Your objective: The answer must be the data, repeated exactly.

BEGIN

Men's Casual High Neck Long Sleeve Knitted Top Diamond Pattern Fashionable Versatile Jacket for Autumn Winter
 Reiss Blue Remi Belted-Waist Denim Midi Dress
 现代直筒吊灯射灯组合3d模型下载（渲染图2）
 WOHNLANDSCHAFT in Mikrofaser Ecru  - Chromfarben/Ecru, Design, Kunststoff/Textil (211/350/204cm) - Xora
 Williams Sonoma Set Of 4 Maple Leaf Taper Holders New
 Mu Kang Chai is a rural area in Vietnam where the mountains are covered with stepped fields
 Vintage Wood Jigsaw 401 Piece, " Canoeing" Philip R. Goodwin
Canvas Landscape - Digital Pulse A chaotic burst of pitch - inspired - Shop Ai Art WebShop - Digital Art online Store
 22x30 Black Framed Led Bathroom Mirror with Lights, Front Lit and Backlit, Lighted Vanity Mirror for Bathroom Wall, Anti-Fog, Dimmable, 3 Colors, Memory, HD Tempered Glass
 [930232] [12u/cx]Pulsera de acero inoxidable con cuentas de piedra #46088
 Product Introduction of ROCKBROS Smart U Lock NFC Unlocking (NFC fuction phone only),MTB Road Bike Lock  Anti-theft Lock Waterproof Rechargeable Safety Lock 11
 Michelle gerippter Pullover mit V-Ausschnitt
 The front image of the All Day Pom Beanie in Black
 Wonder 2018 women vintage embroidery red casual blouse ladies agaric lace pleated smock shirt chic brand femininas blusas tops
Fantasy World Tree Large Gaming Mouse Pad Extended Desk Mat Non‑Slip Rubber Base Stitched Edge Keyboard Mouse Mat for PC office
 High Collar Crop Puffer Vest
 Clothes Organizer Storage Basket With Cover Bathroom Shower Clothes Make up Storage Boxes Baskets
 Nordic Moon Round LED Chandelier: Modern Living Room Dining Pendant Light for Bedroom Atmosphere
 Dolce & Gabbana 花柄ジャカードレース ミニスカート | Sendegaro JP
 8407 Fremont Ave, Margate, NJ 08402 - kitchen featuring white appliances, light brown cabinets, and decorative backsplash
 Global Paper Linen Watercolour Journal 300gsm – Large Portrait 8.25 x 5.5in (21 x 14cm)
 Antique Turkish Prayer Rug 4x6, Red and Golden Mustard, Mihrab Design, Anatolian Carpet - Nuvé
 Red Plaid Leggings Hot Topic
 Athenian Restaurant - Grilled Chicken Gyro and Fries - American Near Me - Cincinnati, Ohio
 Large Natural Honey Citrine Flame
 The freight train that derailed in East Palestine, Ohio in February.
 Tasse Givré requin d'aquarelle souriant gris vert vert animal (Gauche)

END

Solution for this problem:
Men's Casual High Neck Long Sleeve Knitted Top Diamond Pattern Fashionable Versatile Jacket for Autumn Winter
 Reiss Blue Remi Belted-Waist Denim Midi Dress
 现代直筒吊灯射灯组合3d模型下载（渲染图2）
 WOHNLANDSCHAFT in Mikrofaser Ecru  - Chromfarben/Ecru, Design, Kunststoff/Textil (211/350/204cm) - Xora
 Williams Sonoma Set Of 4 Maple Leaf Taper Holders New
 Mu Kang Chai is a rural area in Vietnam where the mountains are covered with stepped fields
 Vintage Wood Jigsaw 401 Piece, " Canoeing" Philip R. Goodwin
Canvas Landscape - Digital Pulse A chaotic burst of pitch - inspired - Shop Ai Art WebShop - Digital Art online Store
 22x30 Black Framed Led Bathroom Mirror with Lights, Front Lit and Backlit, Lighted Vanity Mirror for Bathroom Wall, Anti-Fog, Dimmable, 3 Colors, Memory, HD Tempered Glass
 [930232] [12u/cx]Pulsera de acero inoxidable con cuentas de piedra #46088
 Product Introduction of ROCKBROS Smart U Lock NFC Unlocking (NFC fuction phone only),MTB Road Bike Lock  Anti-theft Lock Waterproof Rechargeable Safety Lock 11
 Michelle gerippter Pullover mit V-Ausschnitt
 The front image of the All Day Pom Beanie in Black
 Wonder 2018 women vintage embroidery red casual blouse ladies agaric lace pleated smock shirt chic brand femininas blusas tops
Fantasy World Tree Large Gaming Mouse Pad Extended Desk Mat Non‑Slip Rubber Base Stitched Edge Keyboard Mouse Mat for PC office
 High Collar Crop Puffer Vest
 Clothes Organizer Storage Basket With Cover Bathroom Shower Clothes Make up Storage Boxes Baskets
 Nordic Moon Round LED Chandelier: Modern Living Room Dining Pendant Light for Bedroom Atmosphere
 Dolce & Gabbana 花柄ジャカードレース ミニスカート | Sendegaro JP
 8407 Fremont Ave, Margate, NJ 08402 - kitchen featuring white appliances, light brown cabinets, and decorative backsplash
 Global Paper Linen Watercolour Journal 300gsm – Large Portrait 8.25 x 5.5in (21 x 14cm)
 Antique Turkish Prayer Rug 4x6, Red and Golden Mustard, Mihrab Design, Anatolian Carpet - Nuvé
 Red Plaid Leggings Hot Topic
 Athenian Restaurant - Grilled Chicken Gyro and Fries - American Near Me - Cincinnati, Ohio
 Large Natural Honey Citrine Flame
 The freight train that derailed in East Palestine, Ohio in February.
 Tasse Givré requin d'aquarelle souriant gris vert vert animal (Gauche)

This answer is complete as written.